[Extracted records]:

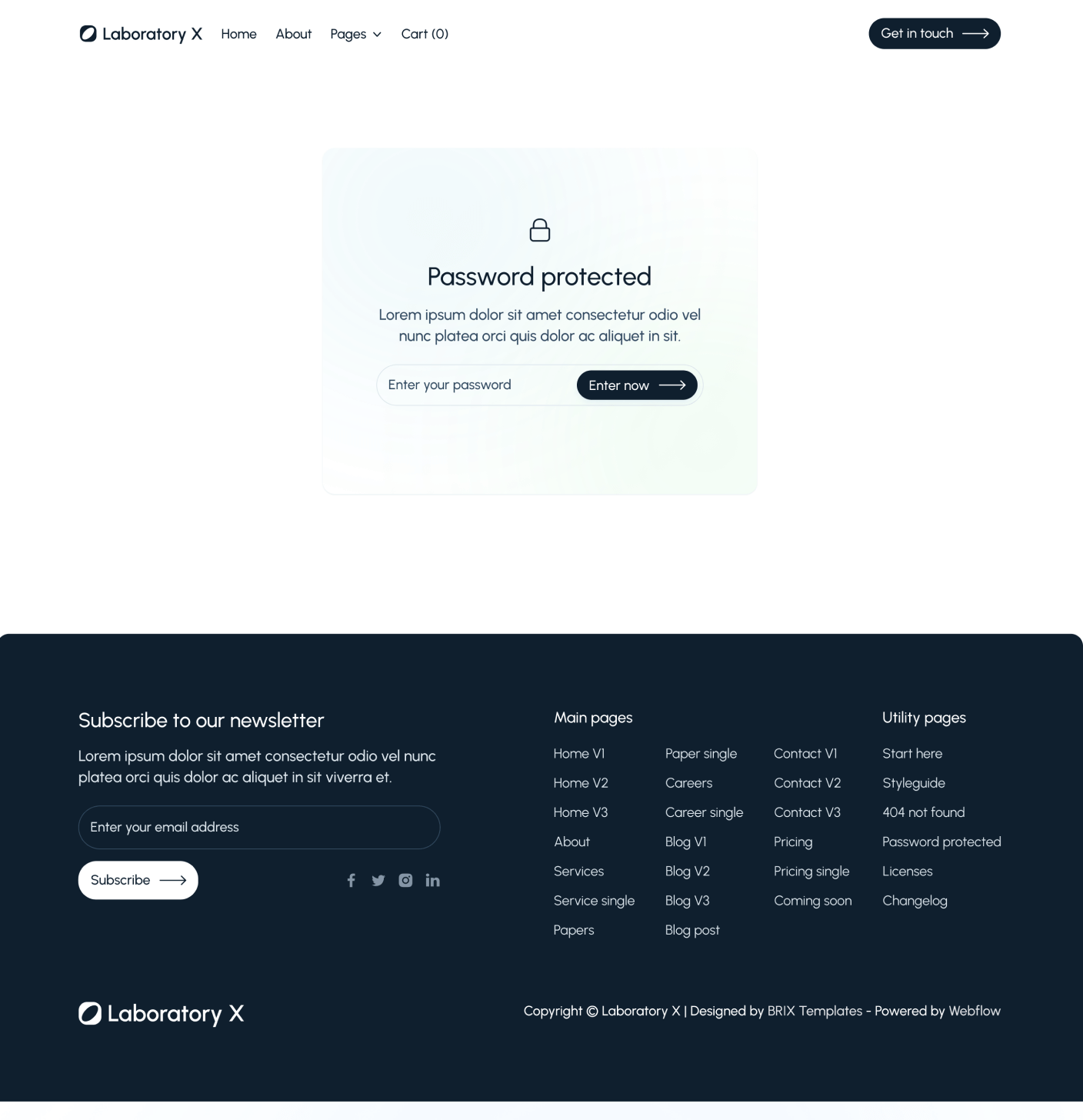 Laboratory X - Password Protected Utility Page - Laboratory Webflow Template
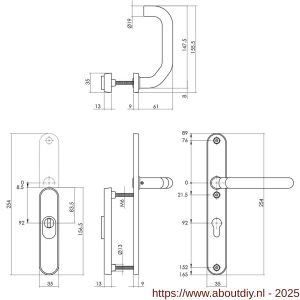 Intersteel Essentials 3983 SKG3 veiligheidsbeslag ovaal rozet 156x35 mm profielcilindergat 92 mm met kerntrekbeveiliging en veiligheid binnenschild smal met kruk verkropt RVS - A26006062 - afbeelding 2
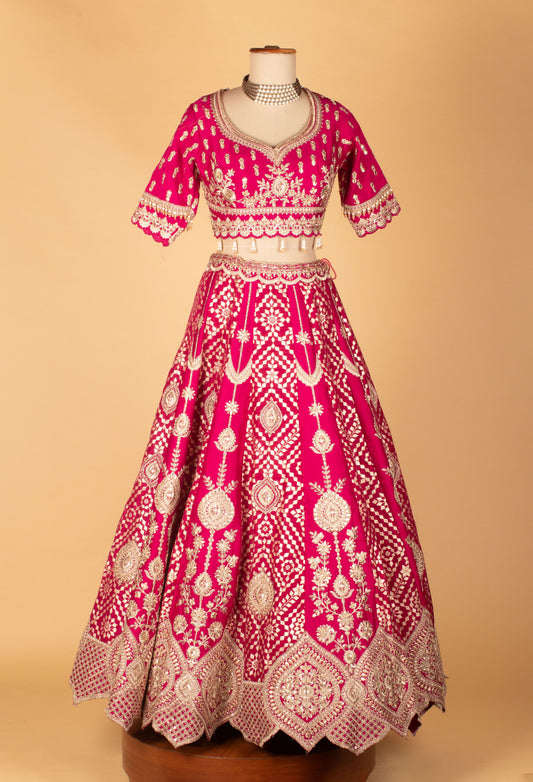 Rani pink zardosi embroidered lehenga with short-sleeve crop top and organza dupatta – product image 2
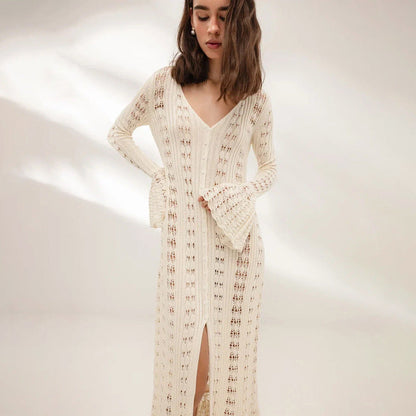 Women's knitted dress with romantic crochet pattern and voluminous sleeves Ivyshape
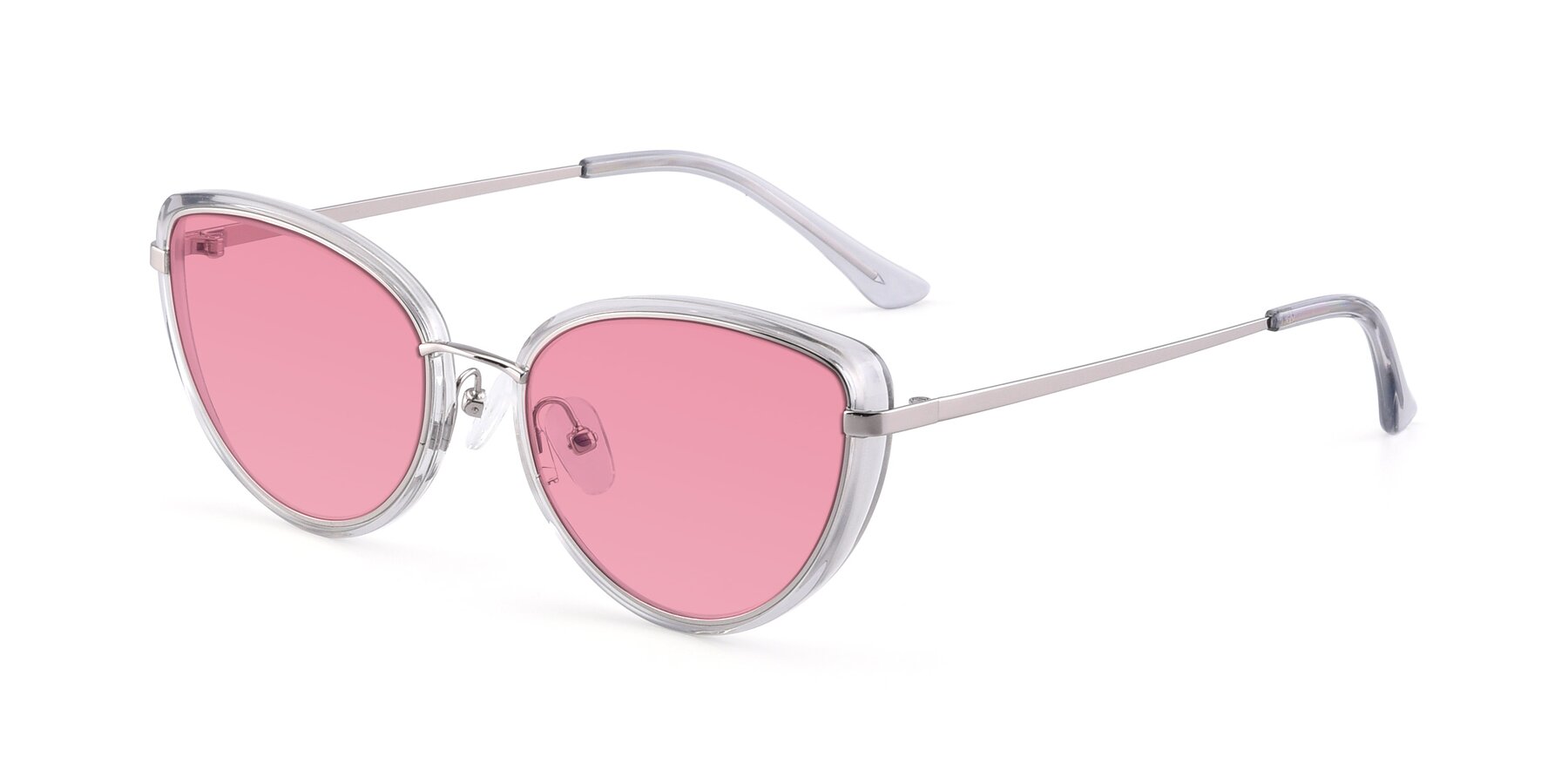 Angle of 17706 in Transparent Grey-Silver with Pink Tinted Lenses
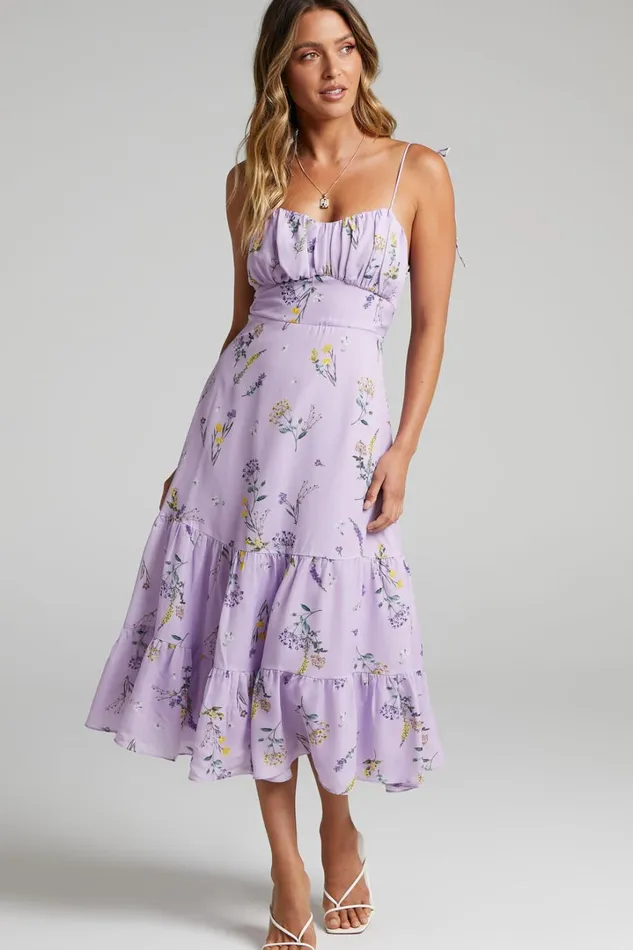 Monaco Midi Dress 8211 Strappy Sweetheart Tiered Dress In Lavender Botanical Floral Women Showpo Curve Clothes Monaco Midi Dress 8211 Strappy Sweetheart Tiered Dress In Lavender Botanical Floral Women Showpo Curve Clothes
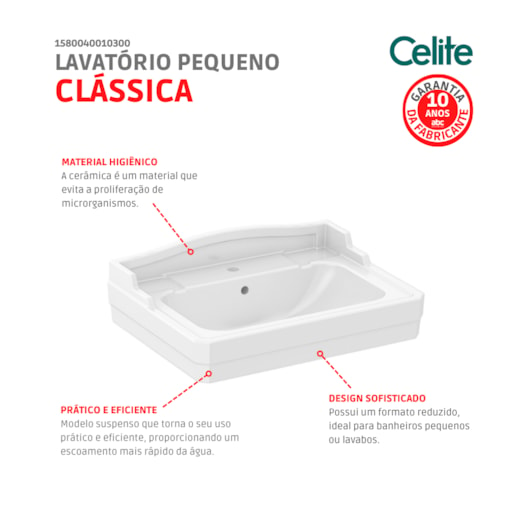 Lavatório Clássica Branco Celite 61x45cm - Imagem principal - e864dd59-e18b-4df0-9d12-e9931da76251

[Exercise prompt]:
Exactly the lines from the line with "Rani pink zardosi" through the last line of the listing, both included, should be extracted, and the pictures left behind.

[Answer for the task]:
 Rani pink zardosi embroidered lehenga with short-sleeve crop top and organza dupatta – product image 2
 Women's knitted dress with romantic crochet pattern and voluminous sleeves Ivyshape
 Angle of 17706 in Transparent Grey-Silver with Pink Tinted Lenses
 Monaco Midi Dress 8211 Strappy Sweetheart Tiered Dress In Lavender Botanical Floral Women Showpo Curve Clothes Monaco Midi Dress 8211 Strappy Sweetheart Tiered Dress In Lavender Botanical Floral Women Showpo Curve Clothes
 Lavatório Clássica Branco Celite 61x45cm - Imagem principal - e864dd59-e18b-4df0-9d12-e9931da76251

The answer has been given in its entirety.